TransWikia.com

How can I get a measure of the semantic similarity of words?

Data Science Asked on May 24, 2021

What is the best way to figure out the semantic similarity of words? Word2Vec is okay, but not ideal:

# Using the 840B word Common Crawl GloVe vectors with gensim:

# 'hot' is closer to 'cold' than 'warm'
In [7]: model.similarity('hot', 'cold')
Out[7]: 0.59720456121072973

In [8]: model.similarity('hot', 'warm')
Out[8]: 0.56784095376659627

# Cold is much closer to 'hot' than 'popular'
In [9]: model.similarity('hot', 'popular')
Out[9]: 0.33708479049537632

NLTK’s Wordnet methods appear to just give up:

In [25]: print wn.synset('hot.a.01').path_similarity(wn.synset('warm.a.01'))
None

What are other options?

5 Answers

In Text Analytic Tools for Semantic Similarity, they developed a algorithm in order to find the similarity between 2 sentences. But if you read closely, they find the similarity of the word in a matrix and sum together to find out the similarity between sentences. So, it might be a shot to check word similarity.

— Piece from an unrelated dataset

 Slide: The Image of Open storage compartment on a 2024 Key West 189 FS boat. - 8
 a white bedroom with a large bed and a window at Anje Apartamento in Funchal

Also in SimLex-999: Evaluating Semantic Models With (Genuine) Similarity Estimation, they explain the difference between association and similarity which is probably the reason for your observation as well. For example, coffee and a cup. They are not similar but they are associative. So just considering similarity would give a different result. The authors suggest various models to estimate them.

Answered by Hima Varsha on May 24, 2021

Word2vec does not capture similarity based on antonyms and synonyms. Word2vec would give a higher similarity if the two words have the similar context. Eg The weather in California was _____ . The blank could be filled by both hot and cold hence the similarity would be higher. This concept is called Paradigmatic relations.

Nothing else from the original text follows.